In these pioneer days, cloud service providers are doing it all. Software as a service providers are building data centers filled with customized infrastructure – and in Google’s case, highly customized and proprietary hardware. They are building, essentially, silos of vertically integrated solutions in the cloud. To be sure, these are cloud services, but why aren’t they using cloud services themselves?
One answer is that it is early, the supply chain, as such, doesn’t exist, and what does exist is not standardized. Another answer is that many cloud services are highly-focused and purpose-built (e.g., web search), and therefore underlying cloud enablers do not need to be general-purpose, and in fact, are more efficient if they are customized to do just a few things well.
But what happens when the supply chain starts to emerge? When standards improve for accessing services? What happens when the cloud service provider wants to expand into new businesses?

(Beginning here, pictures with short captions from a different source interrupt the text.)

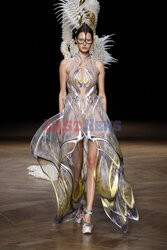 Iris Van Herpen LB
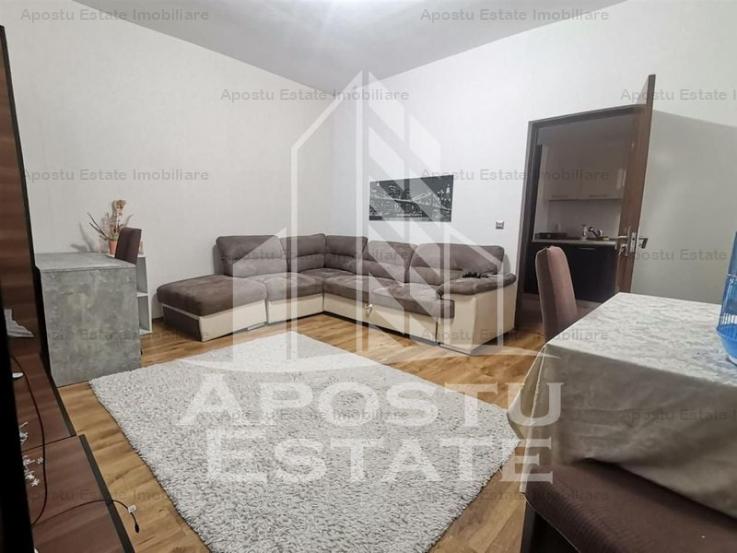 Apartament 2 camere la curte comuna, centrala proprie, Zona Traian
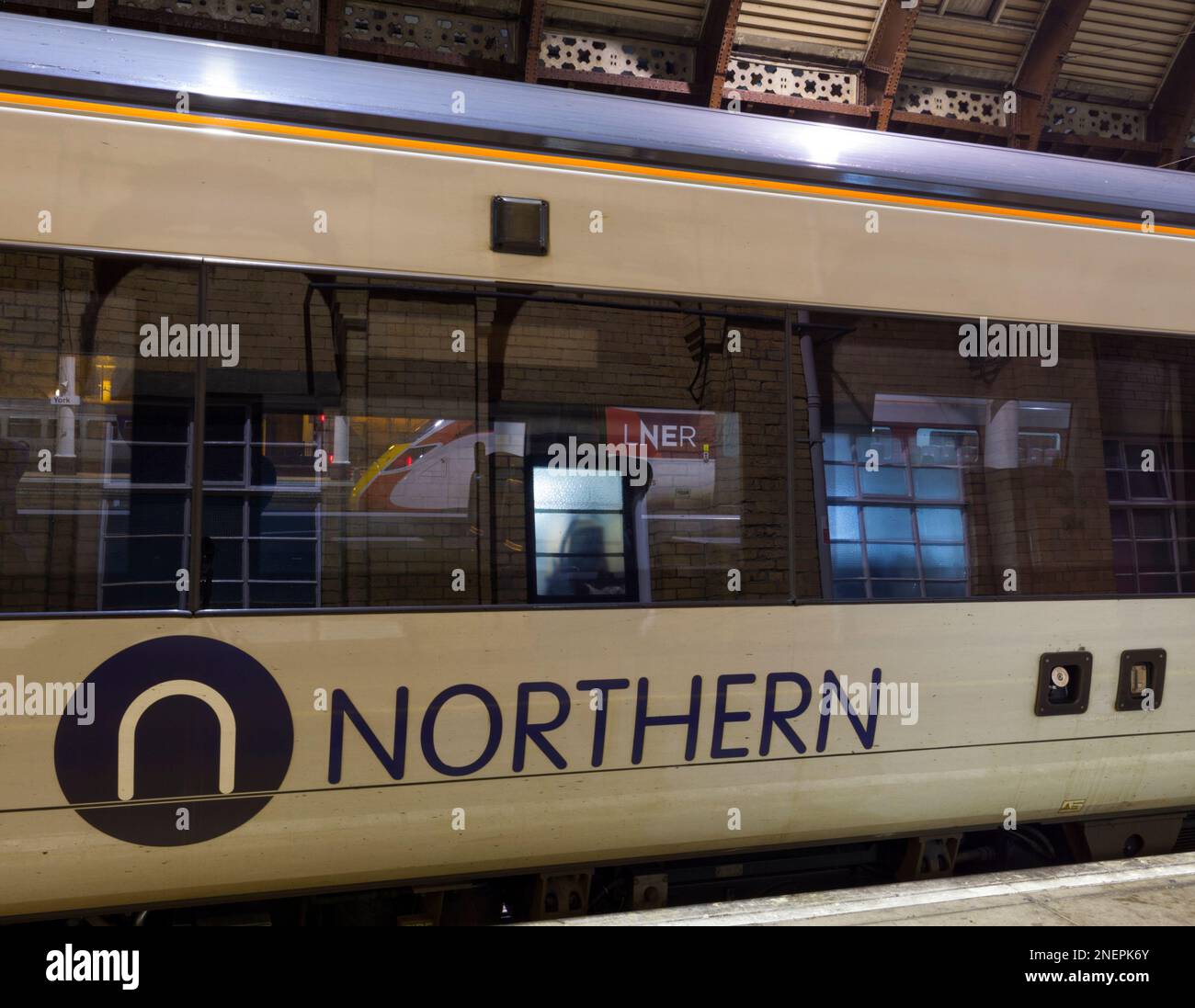 Treni Northern e LNER alla stazione di York durante uno sciopero RMT, entrambi gli operatori sono stati nazionalizzati dal governo Foto Stock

I believe that the future of cloud services will be much more dynamic and fluid, with both horizontal and vertical federation. While highly integrated and proprietary vertical cloud services will exist, they will be a minority – and in fact, their competition will be fluid, federated solutions of smaller competitors who should be much more agile. A future challenge for existing vertically-integrated cloud service providers will be to componentize their offerings – open up cloud services at lower levels of their cloud computing stack, and leverage other cloud service providers when appropriate. To be sure, they can differentiate by having customized hardware or unique management software, or unique performance capabilities – but betting on this differentiation going forward seems extremely risky as the markets mature.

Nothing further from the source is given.